THE TASK: When copying the data below, keep only the lines from the one with "Fungsi Motherboard atau" through the one with "The Bible History", word for word, and skip the pictures.

GIVEN INFORMATION:
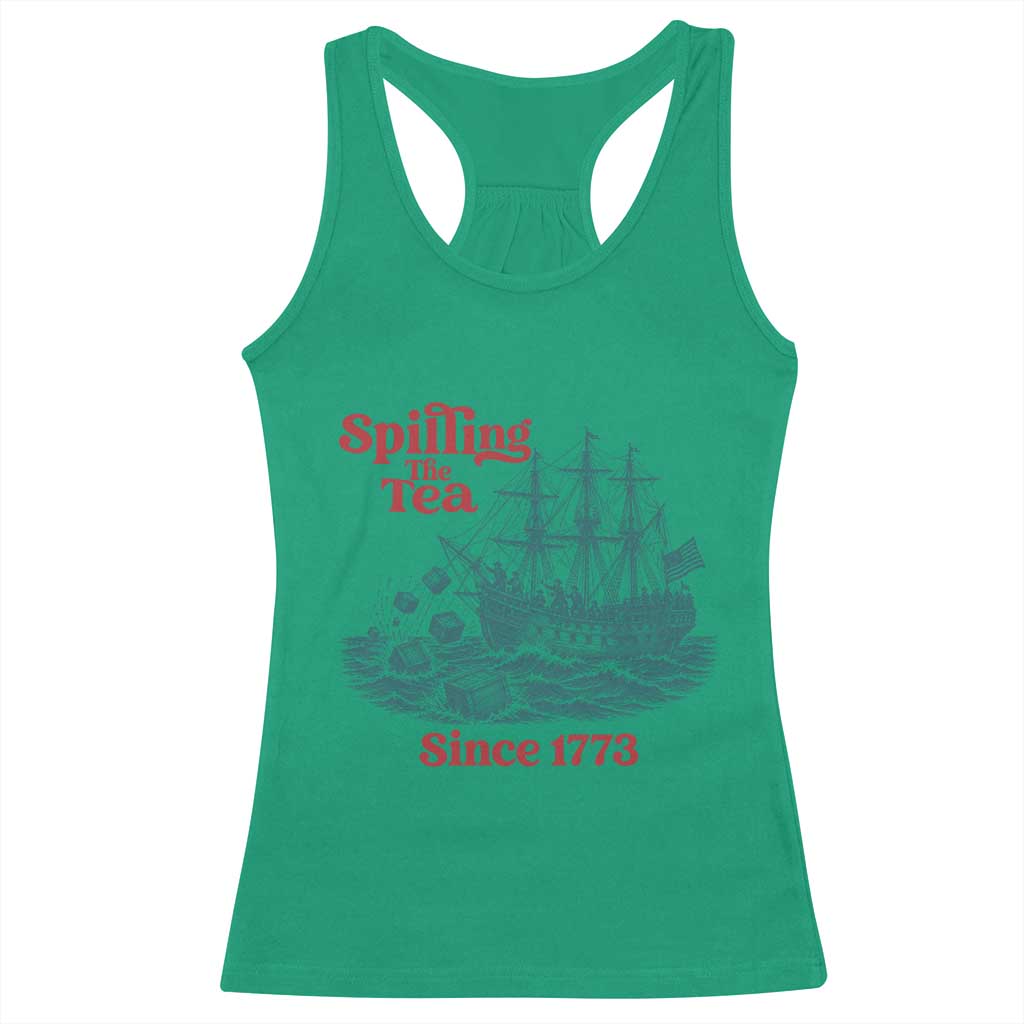 Spilling The Tea Since 1773 Racerback Tank Top American History Gift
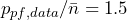 p_{pf,data}/\bar{n}=1.5%
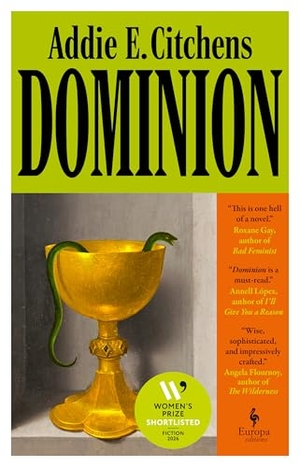 Citchens, Addie E.. Dominion - Shortlisted for the 2026 Women's Prize for Fiction. Europa Editions UK Ltd, 2026.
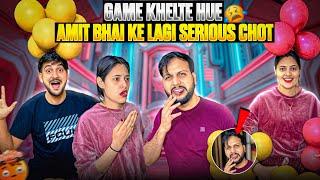 Game Khelte Hue Amit Bhai Ke Lagi Serious Chot | Vinay Thakur Vlogs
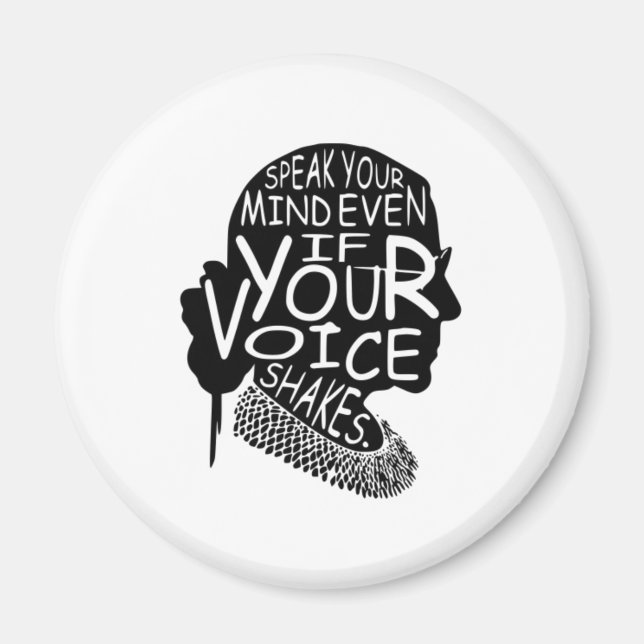 Ruth Bader Speak Your Mind Even If Your Voice Shak Magnet (Front)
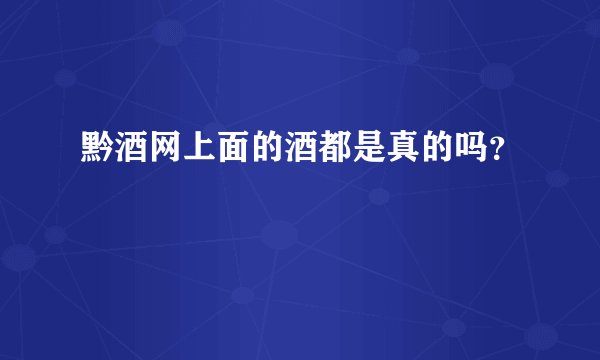 黔酒网上面的酒都是真的吗？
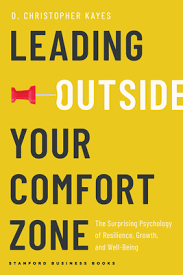 Leading Outside Your Comfort Zone : The Surprising Psychology of Resilience, Growth, and Well-Being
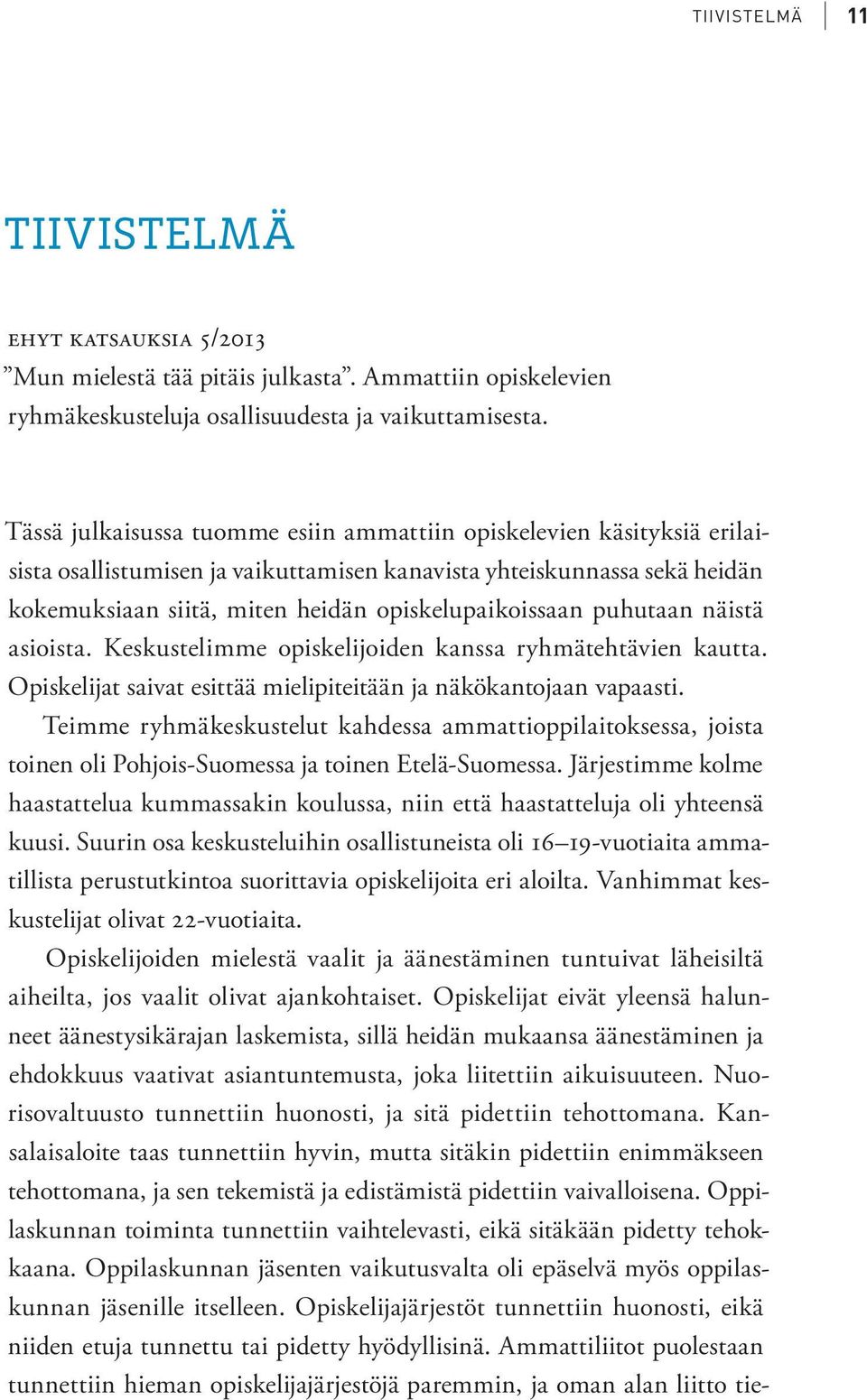 Teimme ryhmäkeskustelut kahdessa ammattioppilaitoksessa, joista toinen oli Pohjois-Suomessa ja toinen Etelä-Suomessa.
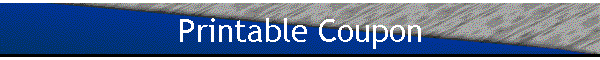 Printable Coupon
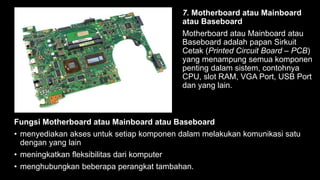 7. Motherboard atau Mainboard
atau Baseboard
Motherboard atau Mainboard atau
Baseboard adalah papan Sirkuit
Cetak (Printed Circuit Board – PCB)
yang menampung semua komponen
penting dalam sistem, contohnya
CPU, slot RAM, VGA Port, USB Port
dan yang lain.
Fungsi Motherboard atau Mainboard atau Baseboard
• menyediakan akses untuk setiap komponen dalam melakukan komunikasi satu
dengan yang lain
• meningkatkan fleksibilitas dari komputer
• menghubungkan beberapa perangkat tambahan.
 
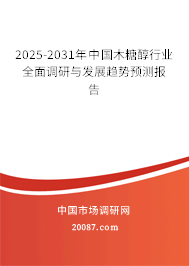 2025-2031年中国木糖醇行业全面调研与发展趋势预测报告 2025-2031年中国木糖醇行业全面调研与发展趋势预测报告
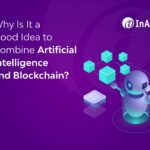 Why Is It a Good Idea to Combine Artificial Intelligence and Blockchain?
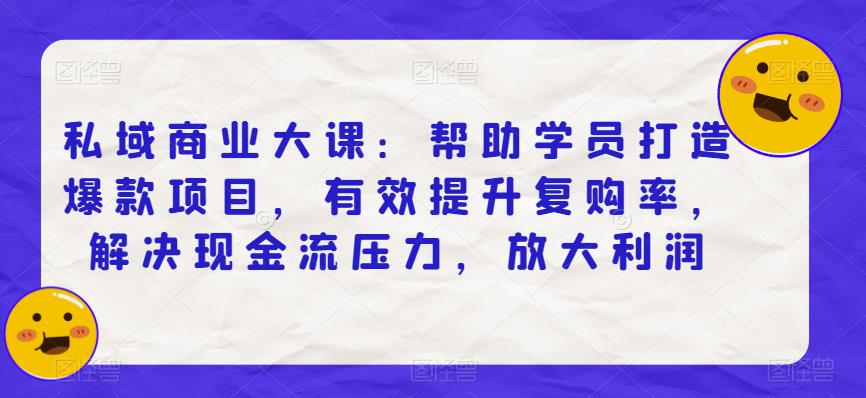 私域商业大课：帮助学员打造爆款项目，有效提升复购率，解决现金流压力，放大利润-第一资源网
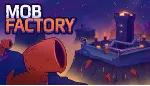Mob Factory Steam ключ Весь Мир Global RU/CIS РФ Россия key СНГ код стим Глобал - irongamers.ru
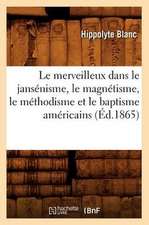 Le Merveilleux Dans Le Jansenisme, Le Magnetisme, Le Methodisme Et Le Baptisme Americains (Ed.1865)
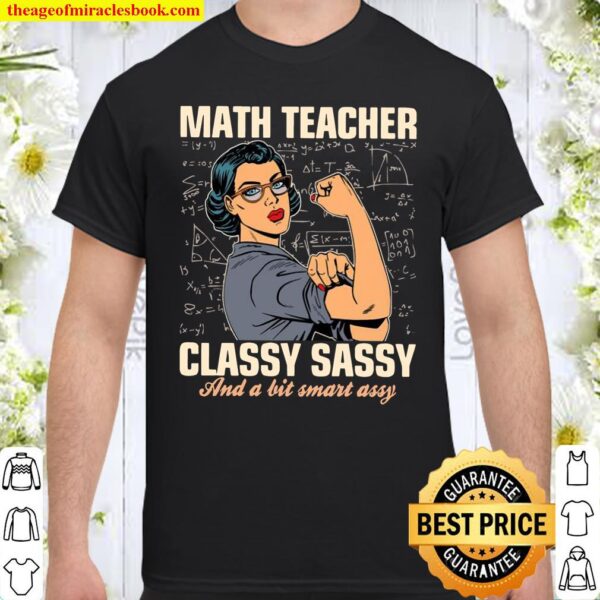 Strong Woman Math Teacher Classy Sassy And A Bit Smart Assy Shirt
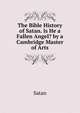 The Bible History of Satan. Is He a Fallen Angel? by a Cambridge Master of Arts, Satan 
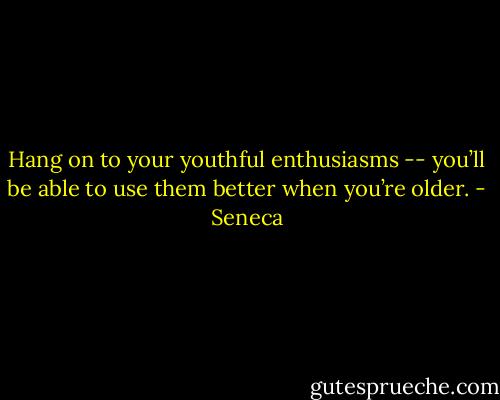 Hang on to your youthful enthusiasms -- you’ll be able to use them better when you’re older. - Seneca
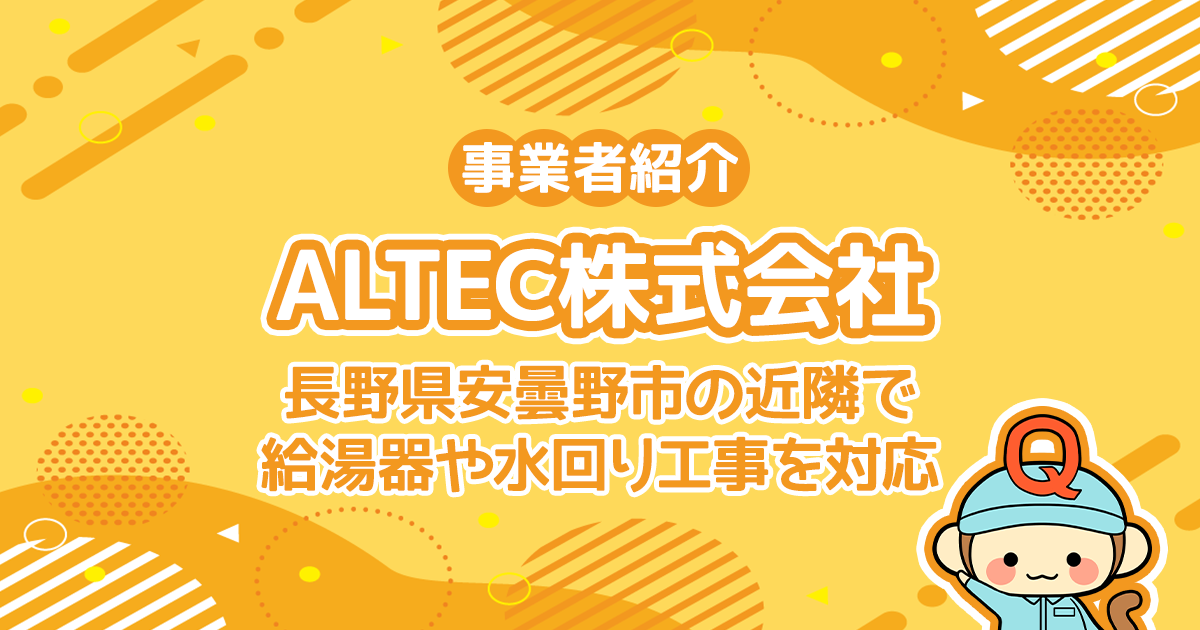 ALTEC株式会社は長野県安曇野市の近隣で給湯器や水回り工事を対応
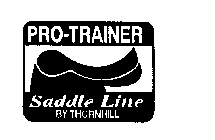 PRO-TRAINER SADDLE LINE BY THORNHILL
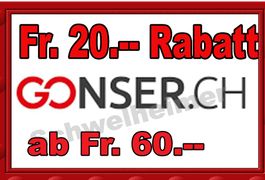 Fr. 20.-- Rabatt bei Gonser ab Fr. 60.--  bis 04.10.2026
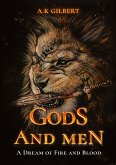 GODS AND MEN GODS AND MEN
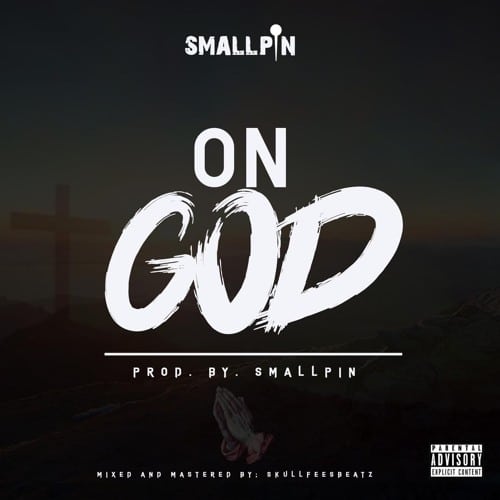 Smallpin – On God (Prod. By Feesbeatz) Smallpin - On God (Prod. By Feesbeatz)
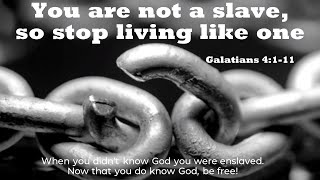 You Are Not A Slave - Galations 3:23-4:11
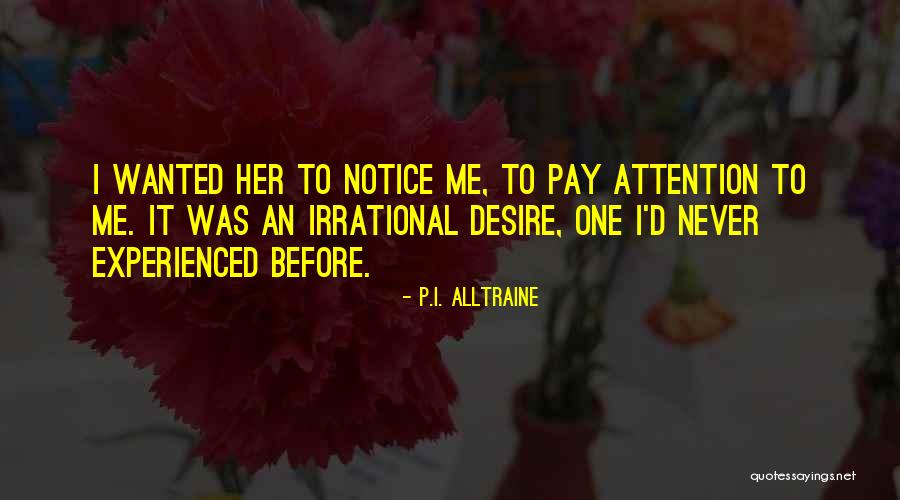 Pay Me Attention Quotes By P.I. Alltraine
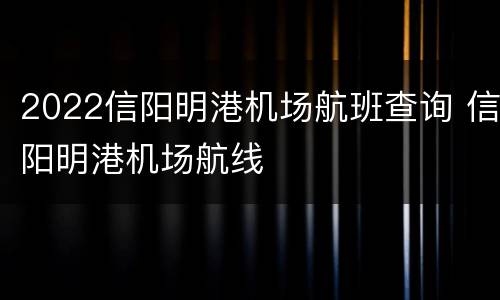 2022信阳明港机场航班查询 信阳明港机场航线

COMPLETED TASK:
Fungsi Motherboard atau Mainboard atau Baseboard
• menyediakan akses untuk setiap komponen dalam melakukan komunikasi satu
dengan yang lain
• meningkatkan fleksibilitas dari komputer
• menghubungkan beberapa perangkat tambahan.
 
 2025-2031年中国木糖醇行业全面调研与发展趋势预测报告 2025-2031年中国木糖醇行业全面调研与发展趋势预测报告
 Why Is It a Good Idea to Combine Artificial Intelligence and Blockchain?
 私域商业大课：帮助学员打造爆款项目，有效提升复购率，解决现金流压力，放大利润-第一资源网
Mob Factory Steam ключ Весь Мир Global RU/CIS РФ Россия key СНГ код стим Глобал - irongamers.ru
 Le Merveilleux Dans Le Jansenisme, Le Magnetisme, Le Methodisme Et Le Baptisme Americains (Ed.1865)
 Strong Woman Math Teacher Classy Sassy And A Bit Smart Assy Shirt
 The Bible History of Satan. Is He a Fallen Angel? by a Cambridge Master of Arts, Satan 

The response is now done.